We were talking about my upcoming solo travels when she said,
“You know, for so many years you had no choice but to handle it all on your own. No one else was going to pull you out of the mud — that was something you had to do. Isn’t it nice to know that now, you’re doing it solo because you want to, not because you have to?”
I laughed when she said it, but later, it stuck with me.
Because she was right.
For so long, “on my own” was the default.
It wasn’t brave — it was survival.
There were seasons where no one else could hold the line for me — not through the unraveling of a marriage, not through the slow process of rebuilding, not through the quiet shock of realizing how much I’d given away just to be loved.
But this time feels different.
This time, letting go doesn’t feel like falling — it feels like floating.
I’ve spent years trying to control the narrative — every plan, every emotion, every possible outcome. If life was a group project, I was the one doing all the work, color-coding the spreadsheet, and then apologizing for the formatting.
I thought control meant safety.
Turns out, it just meant exhaustion.
Now, I’m learning to let go — of all of it.
The need to be understood.
The need to fix, to prove, to keep up.
The need to earn peace instead of simply allowing it.
I’m letting go of the chase — of ticking places off a list, of curating experiences for other people’s approval, of mistaking productivity for purpose.

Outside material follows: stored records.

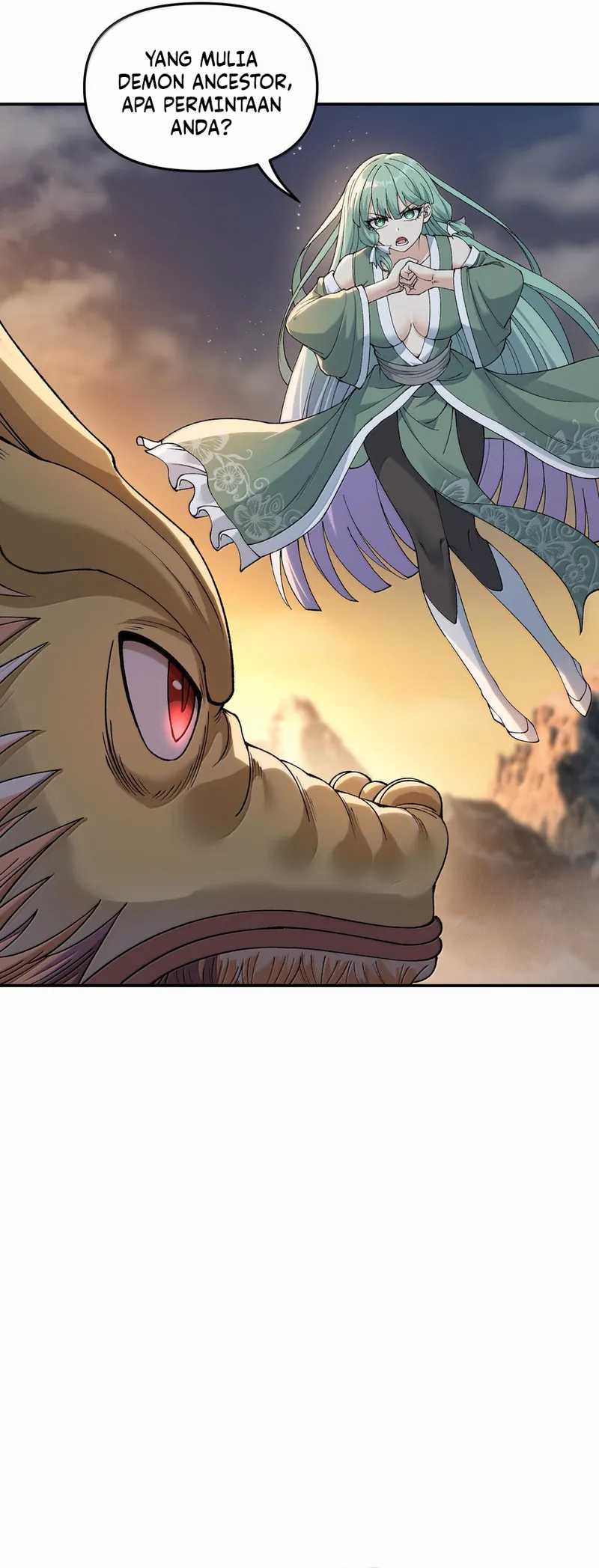 The Heavenly Path Is Not Stupid chapter 87 halaman 10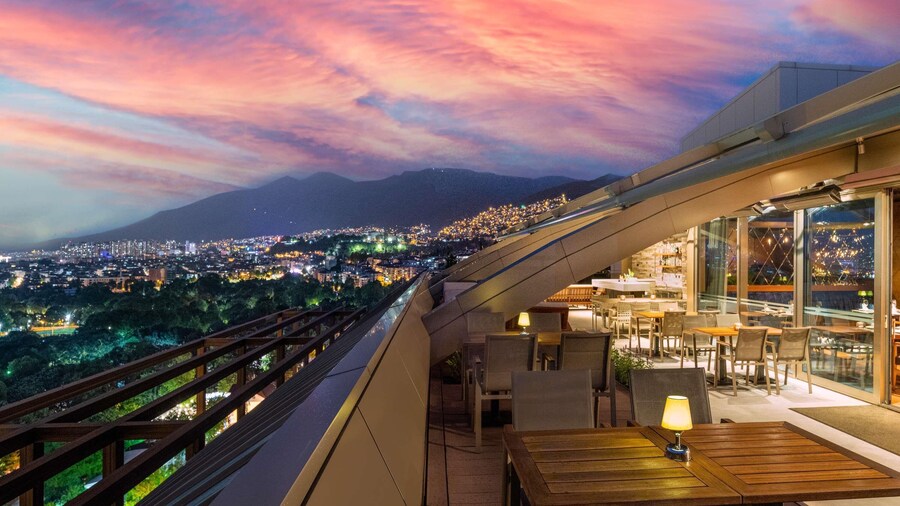 Mövenpick Hotel & Thermal Spa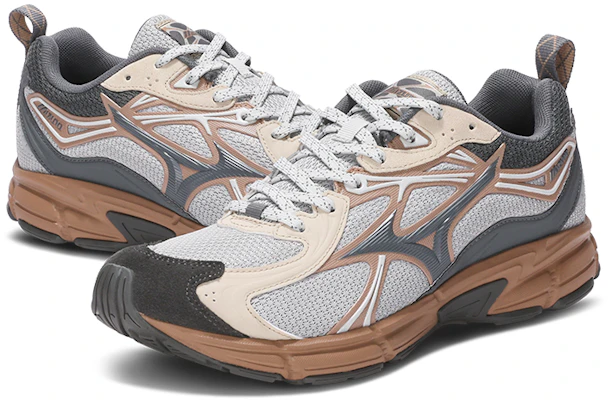 Mizuno Speed 10 S 'Beige' Kasut Lelaki Beige D1GH240602 Shop Mizuno Speed 10 S 'Beige' Kasut Lelaki Beige D1GH240602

I’m letting go of the urge to hold it all together — because sometimes, the best thing you can do is let it fall apart and trust that you’ll still be standing when the dust settles.
Letting go feels different now because I’m different.
Because now, I know I can do hard things — I’ve done them.
And more importantly, I know I don’t have to do them alone.
There’s a quiet confidence in knowing that I can take care of myself and ask for help. That my happiness belongs to me. That peace doesn’t come from things working out — it comes from knowing I’ll be okay even if they don’t.
So as I get ready to set out again — this time, by choice — I’m not chasing clarity or meaning or reinvention.
I’m just curious.
Curious about who I’ll meet, what I’ll feel, and what will fall away along the way.
I don’t have the same urgency I used to — that frantic need to define everything before it slips away. These days, I’m more interested in what happens when I stop gripping so tightly. In what I notice when I loosen my hold just enough to let life meet me halfway.
And if you’ve been learning to let go too — of the plan, the timeline, the version of yourself you once thought you had to be — I wonder… what’s waiting to meet you on the other side of surrender?